Scifi-preneurship
SciFi-preneurship examines how science fiction inspires people to create things that impact our lives today. In SciFi-preneurship, we’re used an expanded definition of entrepreneurship: we don’t just mean Silicon Valley startup founders; we’re talking to people who make things, especially things that are shaping our future. I did this work with Phil Libin in 2019 and it featured Peter Eckersley, who I ended up co-founding the AI Objectives Institute with.
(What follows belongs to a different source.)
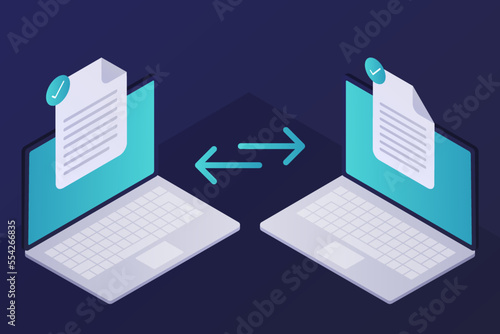 Isometric File Transfer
Below are some of my favorite episodes.
The Matrix
Guests: Writer/director Emily Dean, Partnership on AI research director Peter Eckersley (and my co-founder at the AI Objectives Institute), and MIT Media Lab’s Dan Novy
The impact of the The Matrix on science fiction is difficult to overstate, but beyond the genre itself, it also deeply affected the viewers whose worldviews were made askew. Three of those viewers are featured in today’s episode to talk about their reactions to the film and the ways in which it contributed to the work they do now: writer/director Emily Dean, Partnership on AI research director Peter Eckersley (and my co-founder at the AI Objectives Institute), and MIT Media Lab’s Dan Novy
“Don’t let your AI copy itself in an unbounded way... You don’t want to fight 10,000 copies of Hugo Weaving simultaneously, because though they get away with it in the film... in real life you’re always going to lose that fight.”
Snow Crash
Guests: Dr. Christine Corbett Moran, Veronica Belmont, Peter Eckersley, Joe Betts-LaCroix, and Sophia Brueckner
In the Metaverse, a shared virtual reality space, a character wrestles with a computer-crashing virus that also causes harm in the real world. Thus begins Snow Crash, a Neal Stephenson novel that, when written in 1992, described futuristic systems that eventually became reality. Snow Crash’s impact is so significant that this episode has a record number of guests who wanted to discuss it.